* TASK TO CARRY OUT: Give back the exact lines of the material below from the one containing "Chessex 22504 Glitter" through the one containing "LED - GoDiscount", and no pictures.
───── INFORMATION SUPPLIED
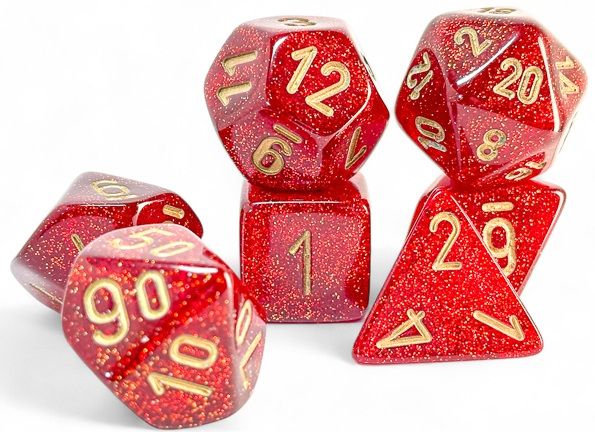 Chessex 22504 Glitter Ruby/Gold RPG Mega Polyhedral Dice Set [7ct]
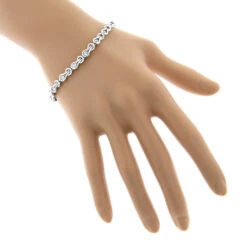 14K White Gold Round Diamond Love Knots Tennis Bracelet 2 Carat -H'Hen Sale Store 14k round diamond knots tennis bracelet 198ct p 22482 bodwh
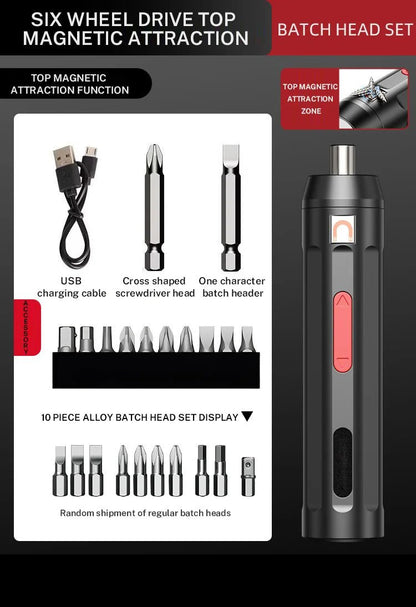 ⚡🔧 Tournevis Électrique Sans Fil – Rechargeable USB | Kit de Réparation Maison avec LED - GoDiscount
──────────
───── INFORMATION SUPPLIED
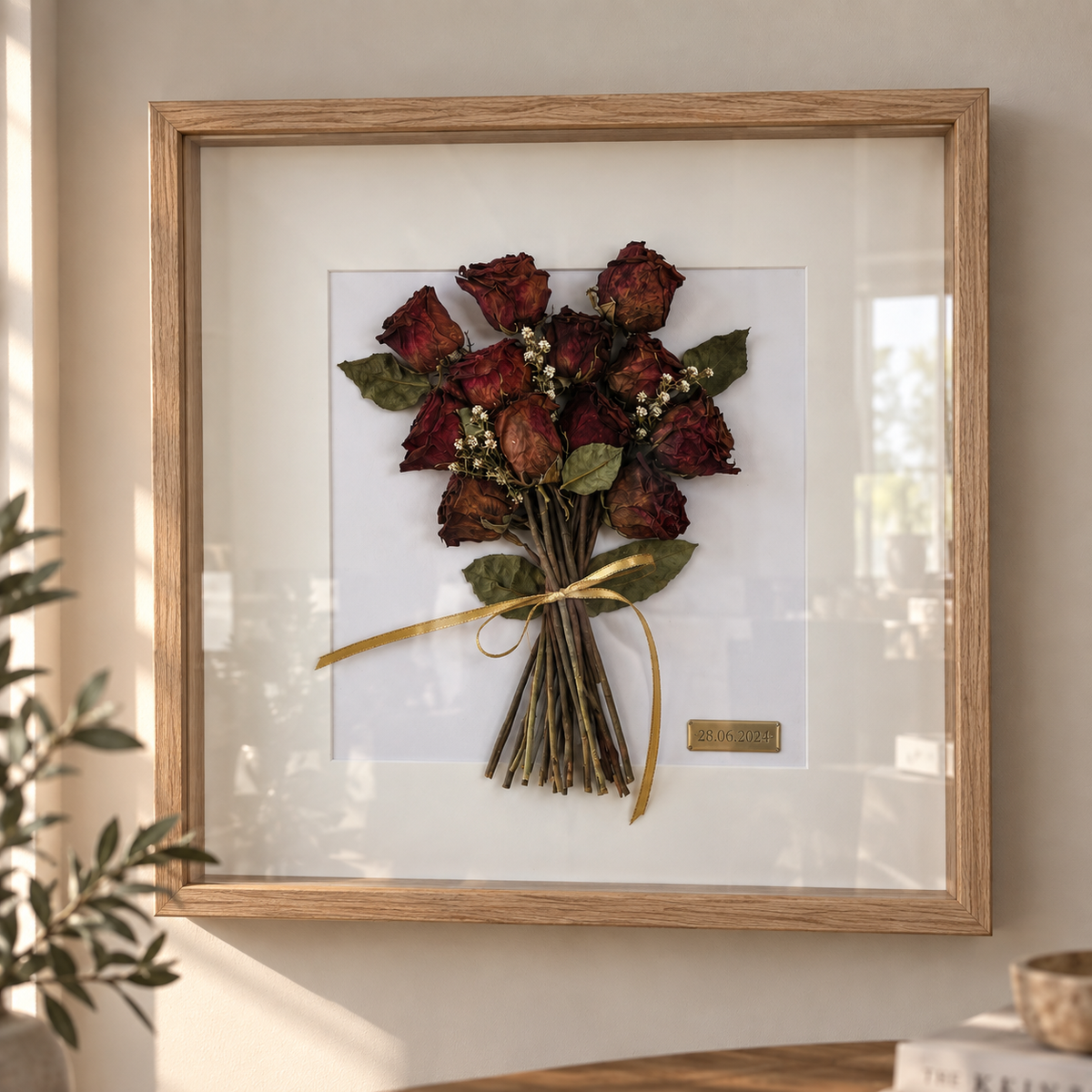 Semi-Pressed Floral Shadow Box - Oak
──────────
* TASK ANSWER:
 Chessex 22504 Glitter Ruby/Gold RPG Mega Polyhedral Dice Set [7ct]
 14K White Gold Round Diamond Love Knots Tennis Bracelet 2 Carat -H'Hen Sale Store 14k round diamond knots tennis bracelet 198ct p 22482 bodwh
 ⚡🔧 Tournevis Électrique Sans Fil – Rechargeable USB | Kit de Réparation Maison avec LED - GoDiscount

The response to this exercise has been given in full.